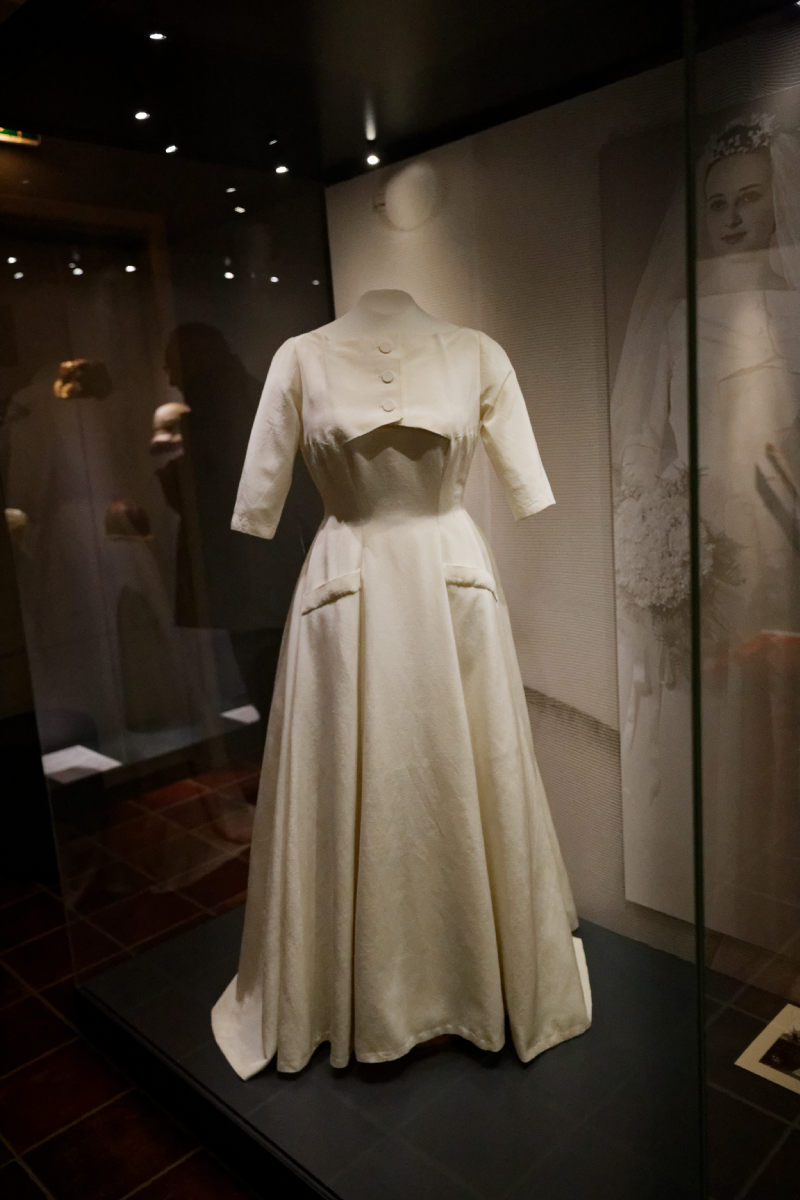 Robe de marié - 1956 Griffe : "Balmain - Paris"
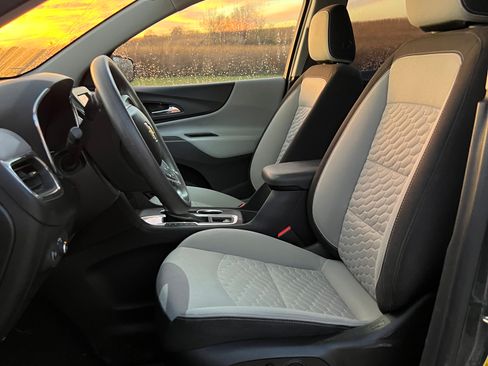 Used 2019 Chevrolet Equinox LT image 17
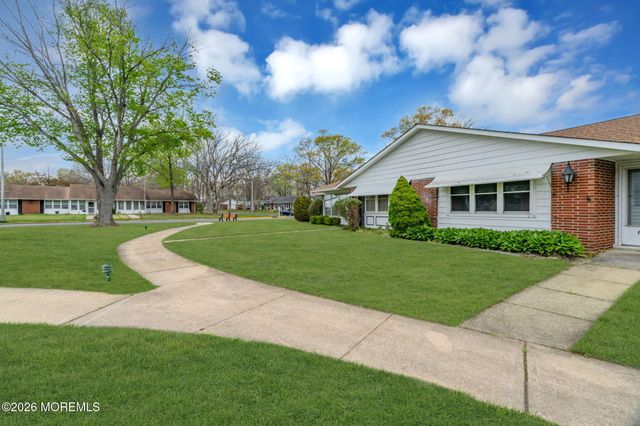 634A Huntington Drive, Lakewood, NJ 08701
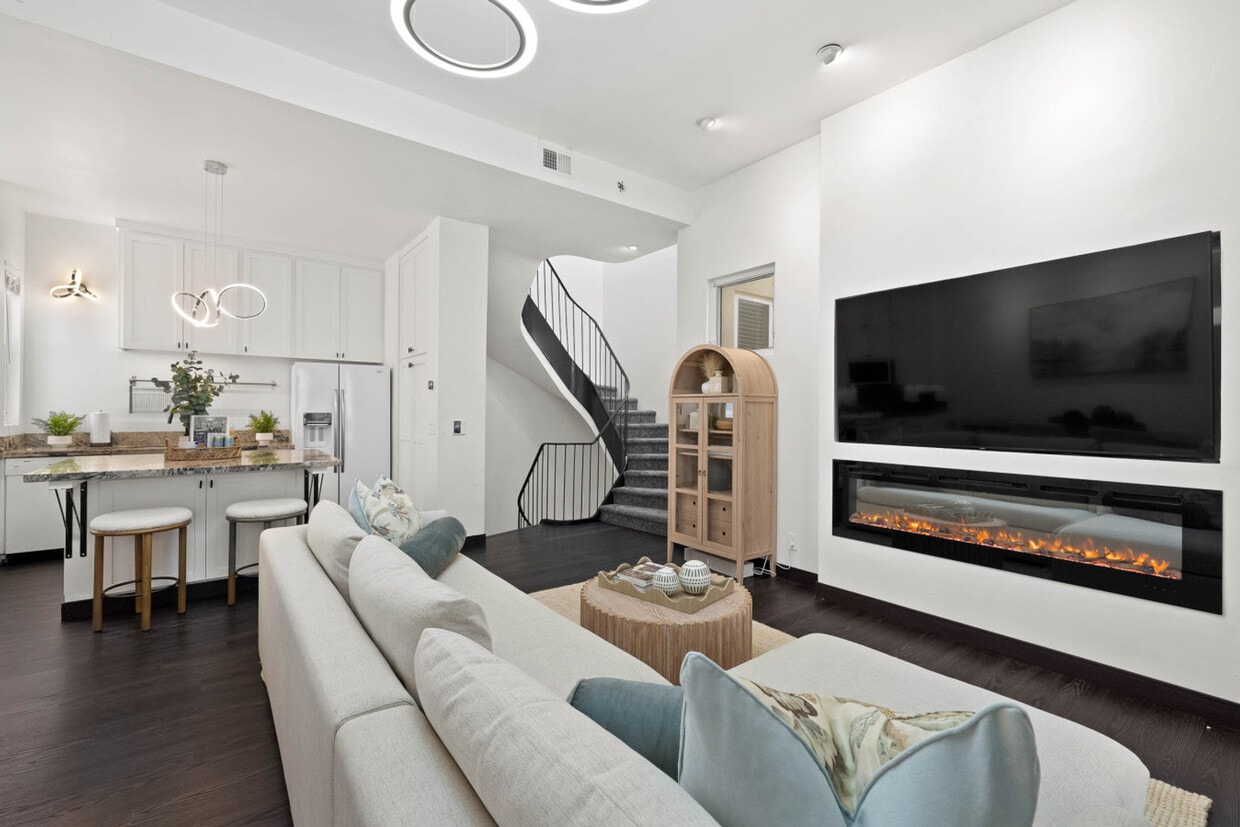 Primary Photo - 1545 Ninth Ave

++++

## [Work task]
Whenever you reach a picture, pass over it; print all the other material exactly.

## [Exercise response]
 Robe de marié - 1956 Griffe : "Balmain - Paris"
 Used 2019 Chevrolet Equinox LT image 17
 634A Huntington Drive, Lakewood, NJ 08701
 Primary Photo - 1545 Ninth Ave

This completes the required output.